学校案内
令和8年7月6日(月)に、「第1回校内授業研究会」を開催しました。研究授業は、地歴・公民科の亀井洋輝教諭による2年建築科(2A)の『歴史総合』、産業デザイン科の大岩篤貴教諭による2年産業デザイン科(2D)の『デザイン史』、電気科の平木大士教諭による1年電気科2組(1E2)の『電気回路』の三本立てです。なお、7月3日(金)に「事前説明会」を行い、3名の助言指導者をお迎えして当日5限帯の研究授業に臨みました。
〔助言指導者紹介〕
○地歴・公民 大分県立大分鶴崎高等学校 指導教諭 西 裕一郎 先生
○電気 大分県教育委員会高校教育課 指導主事 猪野 和秀 先生
○産業デザイン 大分県立芸術緑丘高校 指導教諭 首藤 宏道 先生
『歴史総合』の【本時の目標】は、「近代化と国民国家の成立が両輪で進展した時期を『長い19世紀』として捉え、その時期におけるユダヤ人の状況を学ぶことで、近代国民国家の性質を多角的に捉える視点を獲得する」でした。
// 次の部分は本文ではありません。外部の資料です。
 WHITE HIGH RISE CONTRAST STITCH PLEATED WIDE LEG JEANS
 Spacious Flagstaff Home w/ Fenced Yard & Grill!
「皆さんは何に(どこに)所属していますか」という身近な問いを端緒に、ユダヤ人が翻弄された理由を考えるところまで、亀井教諭は考察を促す問いを与え続け、アクティブかつ探究的な学習をさせていました。ペアワークに加え、自由にグループを作って討議させるなど、見どころが多い授業展開でした。



『デザイン史』の【本時の目標】は、「古代ギリシャの『美』の基準について考えよう」であり、古代ギリシャにおける美の基準と黄金比を理解するという学習内容でした。まず、事前課題の「自分が好きなデザイン」をグループ内で共有しました。その際、大岩教諭がこだわっていたのは、好きな理由を「なんとなく好き」ではなく、『言語化させる』ということでした。理由を添えて書いたり発言したりする言語活動は、3年時の面接試験や小論文試験にも役立ちます。大岩教諭のスライドが、美しく芸術的であったことも印象的でした。



『電気回路』の【本時の目標】は、「ブリッジ回路の平衡条件が、実際の実験で成り立つことを確かめ、回路の特性を理解できる」でした。ブリッジ回路の計算についての前時の振り返りに続き、グループごとに可変抵抗器等を用いた実験を行わせました。平木教諭の授業プリントやスライドには「予想」という言葉が何度も登場し、結果の予想を立てたうえで実験を行わせ、自分の目で確かめさせるという「探究的な学び」に通じる指導法でした。また、平木教諭が担任を務めるクラスにつき、生徒との信頼関係の構築も見て取れました。



3人の授業者とも、旧来的な講義調、一方向的な授業ではなく、授業者と生徒、そして生徒相互が協働する授業形態であり、以下の共通点を感じました。
① 授業者と生徒とが一体となり、目標に向かって創造する授業
② ペアやグループワークによる協働的な学びを主軸とする授業
③ 探究的な活動を通して主体的・対話的で深い学びに至る授業
授業後の「事後検討会」では、活発に意見交換、討議がなされ、大いに有益な時間となりました。「第1回校内授業研究会」の学びを範として、本校の全授業者がこれからも主体的に【授業改善】に取り組み、「(生徒が)わかる授業」を実践することを期待しています。